Despite lashings of insecurity, both political and economic, the prime country-house market still managed to have a year to remember, says Penny Churchill.
Like a well-trained gundog emerging from water, the country-house market shook itself down in late summer and early autumn before getting back to business and ending the year in a flurry of high-profile sales. Overseas buyers, returning expats and buyers looking to work either full- or part-time from the countryside all played a role in maintaining the market for landmark properties in 2022.
The cathedral city of Guildford and its surrounding towns and villages within the Surrey Hills AONB have long been an early port of call for London buyers in search of a country retreat.
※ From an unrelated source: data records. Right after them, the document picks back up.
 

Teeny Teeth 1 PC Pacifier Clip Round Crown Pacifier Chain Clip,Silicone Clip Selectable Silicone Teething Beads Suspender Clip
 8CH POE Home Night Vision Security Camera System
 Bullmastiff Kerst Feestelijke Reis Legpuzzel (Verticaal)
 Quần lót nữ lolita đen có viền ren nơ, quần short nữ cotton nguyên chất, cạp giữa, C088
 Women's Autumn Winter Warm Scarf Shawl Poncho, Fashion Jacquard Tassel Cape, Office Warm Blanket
After a month of hectic trading that saw every house sold in Guildford fetch more than the asking price, Tim Harriss of Knight Frank launched idyllic, Grade II-listed The Old Rectory at Hascombe, eight miles from Guildford, onto the market on March 29, with a guide price of £8.5 million.
The elegant Georgian house, set in 20 acres of gardens, paddocks and woodland in the heart of the AONB, was sold by mid May to an English family looking to trade up in this highly sought-after area.
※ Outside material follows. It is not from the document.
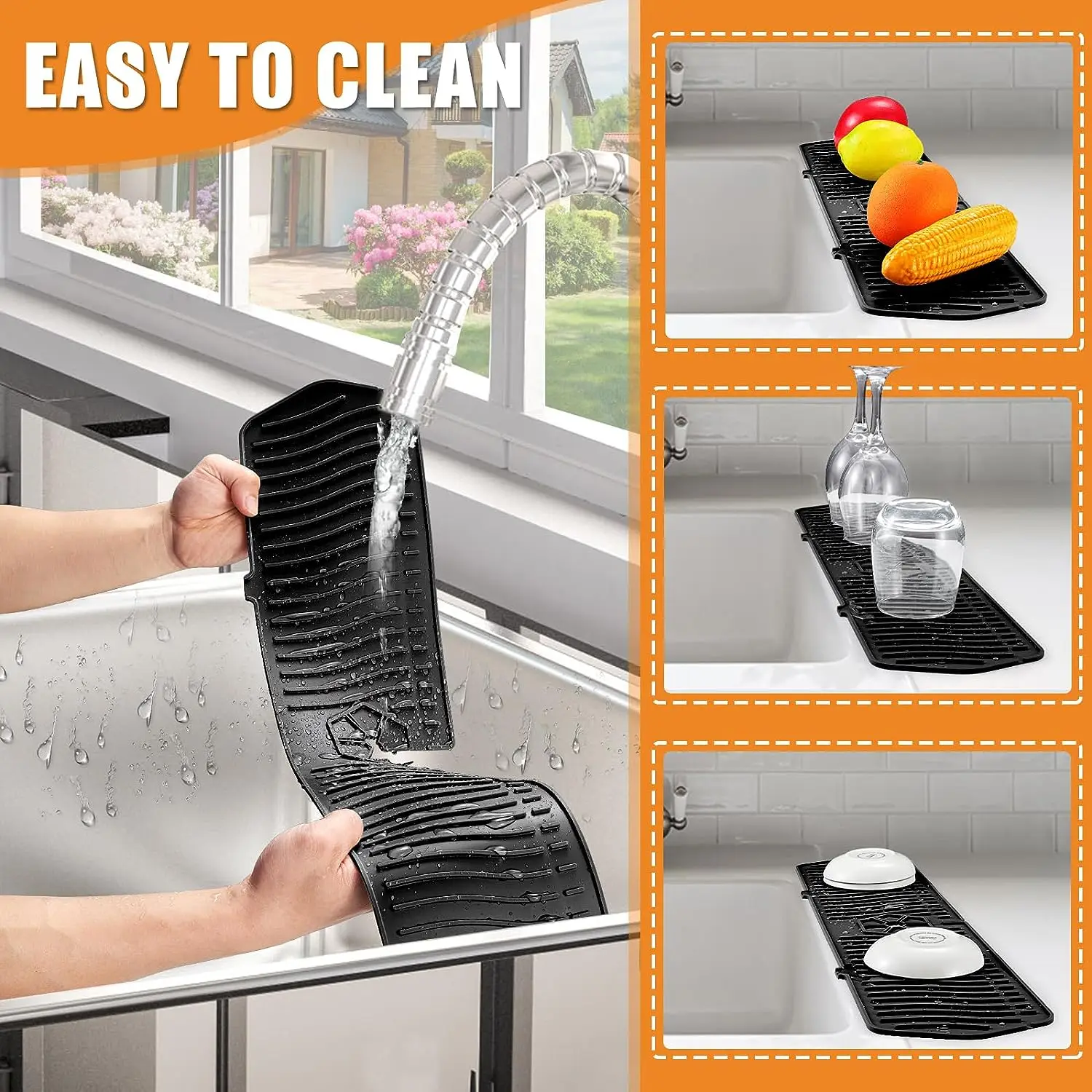Faucet Mat 30/24 Inch Silicone Sink Splash Guard Large Size Faucet Drain Drying Pad Countertop Protector for Bathroom Kitchen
One of the highlights of Mr Harriss’s year was the July launch, at a guide price of £5.25m, of Grade I-listed Munstead Wood at Busbridge, near Godalming, a classic, ‘Surrey-style’ Arts-and-Crafts house built by a young Edwin Lutyens for garden designer Gertrude Jekyll in 1896–97.
It was the first of more than 100 collaborations between the pair that have graced the pages of Country Life since the magazine’s founder, Edward Hudson, visited Munstead Wood in 1899. The sale of this landmark Lutyens house evoked a ‘phenomenal’ response among lovers of the Arts-and-Crafts style from around the world and a deal is said to be on the cards within a matter of days.
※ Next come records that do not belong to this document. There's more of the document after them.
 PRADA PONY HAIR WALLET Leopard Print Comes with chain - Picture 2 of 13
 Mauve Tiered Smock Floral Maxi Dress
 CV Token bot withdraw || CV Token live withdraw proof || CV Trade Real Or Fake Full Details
It’s been a long and winding road since the dark days of lockdown in January 2021, when Netflix screened The Dig. The film, starring Ralph Fiennes, is a haunting dramatisation of the excavation, in 1939, of an Anglo-Saxon treasure ship buried in the grounds of the Sutton Hoo estate in Suffolk. However, for many viewers, the real star of the show was the magnificently moody Norney Grange at Shackleford, near Godalming, which doubled for Sutton Hoo House in the film.
By the time the film appeared, the vintage Arts-and-Crafts house built by Charles Voysey in 1897 was on the market for the first time in 70 years, at a guide price of £8m, through Savills country department. As in the case of Munstead Wood, Norney Grange attracted worldwide interest and was eventually sold to buyers from New Zealand in April this year.
For Phillippa Dalby-Welsh of Savills, the South Downs National Park was one of the country’s busiest hotspots in 2022. She cites the example of Georgian, Grade II-listed Kent House at East Harting, West Sussex, four miles south of Petersfield, Hampshire, with trains to London.
This charming, red-brick, five-bedroom family house set in 12 acres of gardens and grounds in the heart of the national park was a rare gem that she ‘could have sold six times over’. On the market for the first time since 1937, Kent House was launched in mid May with a guide price of £4.95m; a deal was done and dusted by August.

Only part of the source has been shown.